Orador volcánico y ferviente defensor de la tradición republicana radical, dos bustos
de Marat y Danton flanqueaban su cama, Gaillard se encaramaba cada noche en el
escenario con un gorro frigio para dirigirse a un público que le escuchaba divertido.

Tras la derrota, Gaillard consiguió escapar de la escabechina y encontró refugio en


Ginebra, donde regentó, junto a su hijo, también zapatero, un bar y una zapatería.
Según parece, sus zapatos gozaron de gran estima entre su acaudalada clientela.
Eso sí, el tozudo Napoleón Gaillard no aceptaba sugerencias de los compradores; el
maestro era él y sus creaciones no se discutían.
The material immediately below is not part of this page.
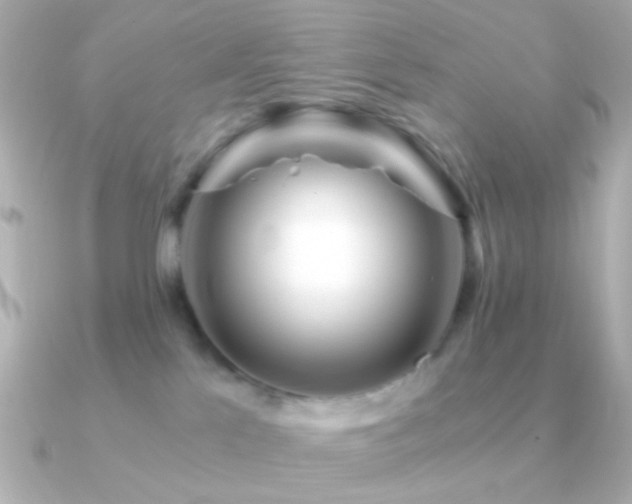 X0000091340041200708101451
Sus convicciones políticas permanecieron inalterables hasta el final de su vida. En


1875 “Thiers tuvo el descaro de venir a dar un paseo por Ginebra con su familia
para burlarse de nosotros, comenta un communard exilado; el père Gaillard fue el
único en manifestarse, colocando la bandera negra en su tienda. Se la quitaron de
inmediato”. Gaillard falleció en París en 1900, el mismo año que Ruskin y Oscar
Wilde, con quienes se habría entendido de maravilla.

A la luz de la desconcertante figura de Gaillard y su papel en la Comuna se


acumulan las preguntas: ¿Cuáles eran sus credenciales para asumir el cargo de Jefe
de Barricadas? ¿Qué estimulaba su extravagante virtuosismo barricadista? Y lo más
importante: ¿qué clase de insurrección otorga responsabilidades públicas a un
chiflado? ¿Por qué en lugar de un arquitecto o un ingeniero, la Comuna designó
como responsable de barricadas a un maestro zapatero?

Las respuestas a estas preguntas, que nos desvelan una lado insólito de la Comuna
de París, debemos procurarlas en el manifiesto de la Federación de Artistas.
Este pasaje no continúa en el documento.